For adults to be diagnosed with ADHD attentive type, they must meet at least five criteria. I’m sure my doctor saw them in me from miles away: compulsive, easily distracted, difficulty paying close attention to detail, and difficulty with daily chores, like returning phone calls or paying bills on time. My kitchen table was a stack of ConEd bills stamped “PAST DUE” veering into “SHUTOFF,” which I brought into my appointment one day with my hands thrown upward, given that I had plenty of money to pay them.
That’s the sort of tip-off that would give a good doctor the idea that a patient might have ADHD. In children, however, it is a multi-step process with no single test, according to the CDC. The diagnosis is usually made by a healthcare provider, like a psychologist, psychiatrist, or pediatrician, and also requires the child to meet a number of criteria—with input from the parents about their child’s behavior in different settings.

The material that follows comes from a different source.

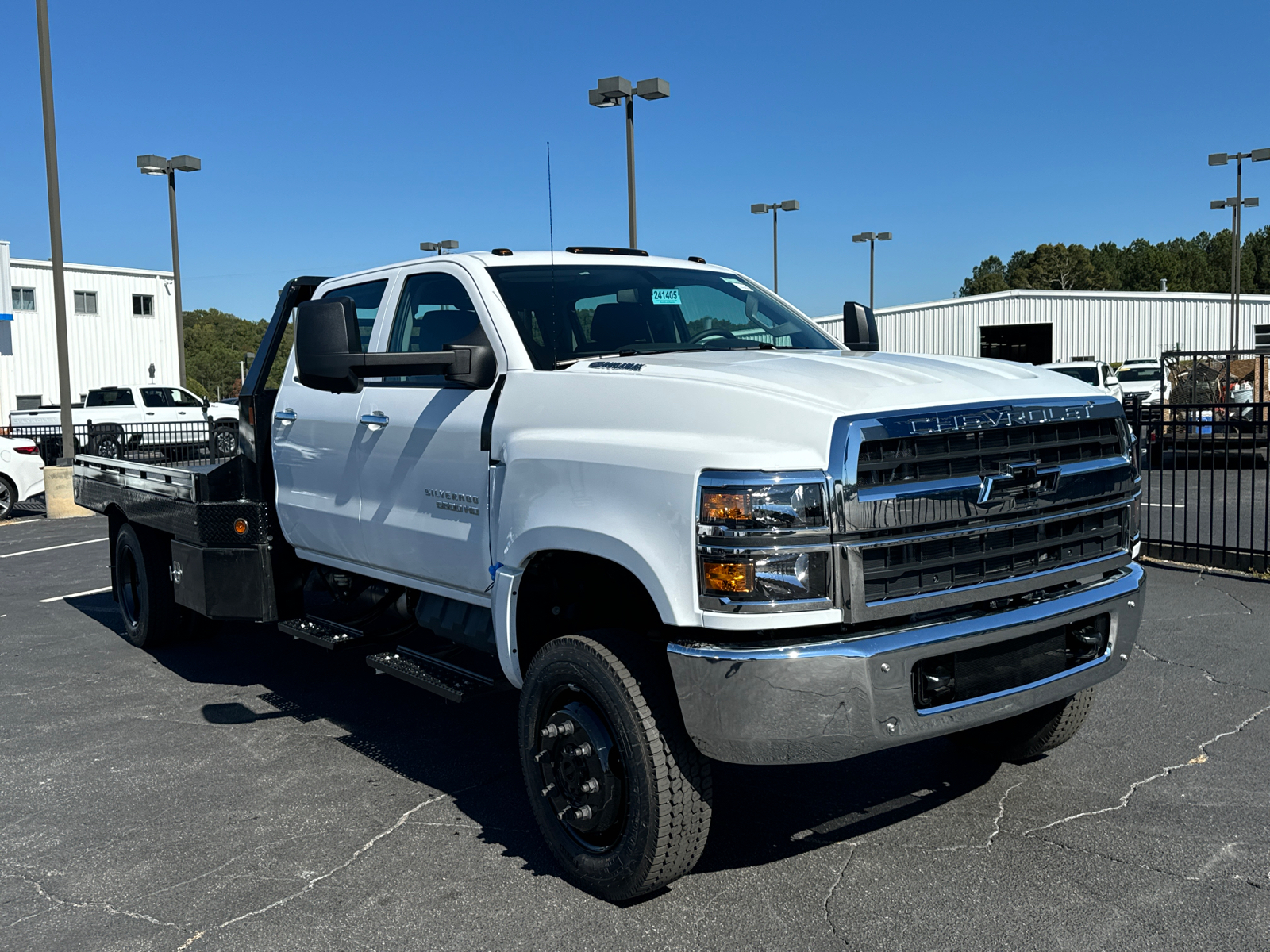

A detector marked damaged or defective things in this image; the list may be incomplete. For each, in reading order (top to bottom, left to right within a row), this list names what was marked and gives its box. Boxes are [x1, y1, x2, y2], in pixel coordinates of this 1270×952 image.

But the Adderall shortage dragged on for months. On November 17, the FDA announced that the shortage could last 30 to 60 days more. I continued to suffer through my days with the Vyvanse, which made me sleepy, until one day a little over a month ago, I got a phone call.
The voice on the other end of the phone told me to hurry. It was first come, first served, the pharmacist said. If I was late, my bottle ran the risk of being re-shelved and given to someone else. I immediately dropped everything and walked 10 blocks to Walgreens. It was December 28. The pharmacy line was more crowded than usual, and I knew some of these customers were similar to me: neurodiverse, with an attention deficit, or hyperactive. I all but snatched my bag of amphetamine salts when I reached the front of the line. Out on the sidewalk, I shook out an orange 20-milligram pill by Teva and swallowed it.
The past three or four months taught me that I didn’t need Adderall—not literally, anyway. I could survive without it. But did I want to? Writing—my livelihood—could either be like trying to work while swimming underwater wearing deep-sea diving gear—or it could be exhilarating, with the rush of connecting modern life’s dots while swimming through its slipstream.
By swallowing the orange pill, I’d already made the choice of ease and comfort, of faster and quicker ideas, of enhanced alertness, of being more normal. It isn’t a bad trade-off. The first step was just admitting that I do need it. My name is Sheila, and after 11 years of taking Adderall, I can admit that I’ve been living with ADD all along.